Podify: A Podcast Streaming Platform with Automatic Logging of User Behaviour for Academic Research

Podify is the first podcast streaming service specifically designed for academic research. With high resemblances to existing modern streaming services, and a scalable design to accommodate large-scale user studies, it implements a customisable catalogue search, with manual playlist creation and curation, podcast listening, and explicit and implicit feedback collection mechanisms. With all user interactions automatically logged by the platform and easily exportable in a readable format for subsequent analysis, Podify aims to reduce the overhead researchers face when conducting user studies.

This repository contains the source code for the platform outlined in the Demonstration Paper Podify: A Podcast Streaming Platform with Automatic Logging of User Behaviour for Academic Research, accepted at the 46th International ACM SIGIR Conference on Research and Development in Information Retrieval (SIGIR2023).

For the YouTube presentation of this platform, please click here.

To know more about our research activities at NeuraSearch Laboratory, please follow us on Twitter (@NeuraSearch) and to get notified of future uploads please subscribe to our YouTube channel!

Installation

Ruby v3.0.2
- It is recommended to use a version manager such as rbenv
Bundler:
- gem install bundler
Ruby on Rails:
- cd Podify
- bundle install
Redis
Docker
FFmpeg
geoip-database
- It is preinstalled on Heroku
- sudo apt-get install geoip-database
Tailwind CSS
- cd Podify
- ./bin/rails tailwindcss:install

Run Podify

In a terminal window, and from the root folder (cd Podify), run:

./bin/dev

Navigate to localhost:3000 from your local browser. Before interacting with Podify, however, please complete the all the steps outlined below.

Elastic Search Instance

Run the following command prior to creating and seeding the database.

docker run \
    -d \
    --name elasticsearch-podify \
    --publish 9200:9200 \
    --env "discovery.type=single-node" \
    --env "cluster.name=elasticsearch-rails" \
    --env "cluster.routing.allocation.disk.threshold_enabled=false" \
    --rm \
    docker.elastic.co/elasticsearch/elasticsearch-oss:7.6.0

The Database

Creation and Seeding

Create and seed the PostgreSQL database, as specified in db/seeds.rb:

rails db:reset

In this step, an admin user is also created, with the following credentials:

Username: [email protected]
Password: password

These credentials can be used to access the admin dashboard, available at: localhost:3000/admin

Amazon Web Services (AWS)

Podify uses AWS S3 Buckets to generate the catalogue as well as downloading and storing the audio, transcript, and image files.

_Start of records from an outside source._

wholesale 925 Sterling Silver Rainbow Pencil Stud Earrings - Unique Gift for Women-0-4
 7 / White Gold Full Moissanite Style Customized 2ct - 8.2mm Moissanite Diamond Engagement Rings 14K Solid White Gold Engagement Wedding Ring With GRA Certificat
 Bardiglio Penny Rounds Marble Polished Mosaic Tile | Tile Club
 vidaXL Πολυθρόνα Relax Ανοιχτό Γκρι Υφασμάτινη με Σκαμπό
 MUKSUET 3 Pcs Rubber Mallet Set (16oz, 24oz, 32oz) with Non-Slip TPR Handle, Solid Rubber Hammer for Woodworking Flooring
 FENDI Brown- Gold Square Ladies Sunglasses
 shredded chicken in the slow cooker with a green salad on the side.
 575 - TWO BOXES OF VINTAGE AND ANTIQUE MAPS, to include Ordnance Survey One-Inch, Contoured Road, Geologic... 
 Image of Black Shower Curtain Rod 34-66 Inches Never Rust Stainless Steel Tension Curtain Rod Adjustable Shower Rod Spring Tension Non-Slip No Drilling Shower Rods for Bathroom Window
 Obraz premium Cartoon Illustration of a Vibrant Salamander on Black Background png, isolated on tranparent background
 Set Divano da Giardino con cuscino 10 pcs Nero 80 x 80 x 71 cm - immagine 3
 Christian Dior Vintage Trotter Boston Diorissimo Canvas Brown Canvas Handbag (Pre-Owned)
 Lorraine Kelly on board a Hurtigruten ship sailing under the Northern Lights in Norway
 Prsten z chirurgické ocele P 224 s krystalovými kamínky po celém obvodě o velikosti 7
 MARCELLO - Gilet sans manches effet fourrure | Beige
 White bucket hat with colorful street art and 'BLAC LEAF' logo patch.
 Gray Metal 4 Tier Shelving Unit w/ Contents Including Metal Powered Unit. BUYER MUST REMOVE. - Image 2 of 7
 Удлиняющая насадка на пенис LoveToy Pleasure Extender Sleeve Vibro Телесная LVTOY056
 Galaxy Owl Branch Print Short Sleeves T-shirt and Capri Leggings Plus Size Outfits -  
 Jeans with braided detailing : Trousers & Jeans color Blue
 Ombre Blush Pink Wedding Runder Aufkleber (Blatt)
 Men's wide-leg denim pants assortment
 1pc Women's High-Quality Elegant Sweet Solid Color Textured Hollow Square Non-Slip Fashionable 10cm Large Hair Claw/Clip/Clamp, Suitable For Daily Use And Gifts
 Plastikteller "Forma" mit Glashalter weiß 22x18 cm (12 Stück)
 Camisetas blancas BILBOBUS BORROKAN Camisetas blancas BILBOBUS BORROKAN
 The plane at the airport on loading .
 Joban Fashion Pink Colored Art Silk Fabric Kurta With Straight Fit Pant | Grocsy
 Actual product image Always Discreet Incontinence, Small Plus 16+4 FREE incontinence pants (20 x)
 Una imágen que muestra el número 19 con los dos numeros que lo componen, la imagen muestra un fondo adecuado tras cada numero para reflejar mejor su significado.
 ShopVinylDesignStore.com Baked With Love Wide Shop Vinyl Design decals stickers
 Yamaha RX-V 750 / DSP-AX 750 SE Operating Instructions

Please create a S3 Bucket and then edit the following credentials. Please make sure to provide the access_key_id, secret_access_key, region, and bucket_name values:

EDITOR="code --wait" bin/rails credentials:edit

Data Pre-Processing

Since Podify expects RSS feeds, it does not restrict its usage to only, for example, the Spotify Podcast Dataset. However, the RSS feeds originating from the Spotify Podcast Dataset were used for the demonstration paper. Thus, in order to pre-process the data for creation of the catalogue, the following scripts have to be executed:

python3 utils/1-extract_episodes.py
- [Requirement]: metadata.tsv of the Spotify Podcast Dataset
- This script creates episodes.json from metadata.tsv. Only the episodes with valid metadata and RSS feed are included in the JSON file. This list of episodes will be the catalogue.
python3 utils/2-download_audio_files.py
- [Requirement]: setup rclone as documented in the Spotify Podcast Dataset README.md file
- This script creates a new folder and it downloads the audio files from the Spotify Podcast Dataset for the episodes listed in episodes.json
python3 utils/3-convert_transcripts_to_vtt.py
- [Requirement]: a folder (podcasts-transcripts) that contains all the transcript files of the Spotify Podcast Dataset. The tar.gz files have to be extracted. The resulting podcasts-transcripts folder will be used by this script
- This script converts the transcripts to a VTT format and to a word-level representation. The transcript will be uploaded during the catalogue creation to be indexed by the Elastic Search instance
python3 utils/4-extract_transcript_files.py
- This script, similar to step (2), creates a new folder and it fetches only the transcript files that are listed in episodes.json

Whilst Podify is built in Ruby on Rails, these scripts have been provided in Python. This is to ease the researchers' job of customising and adapting these procedures to their own needs.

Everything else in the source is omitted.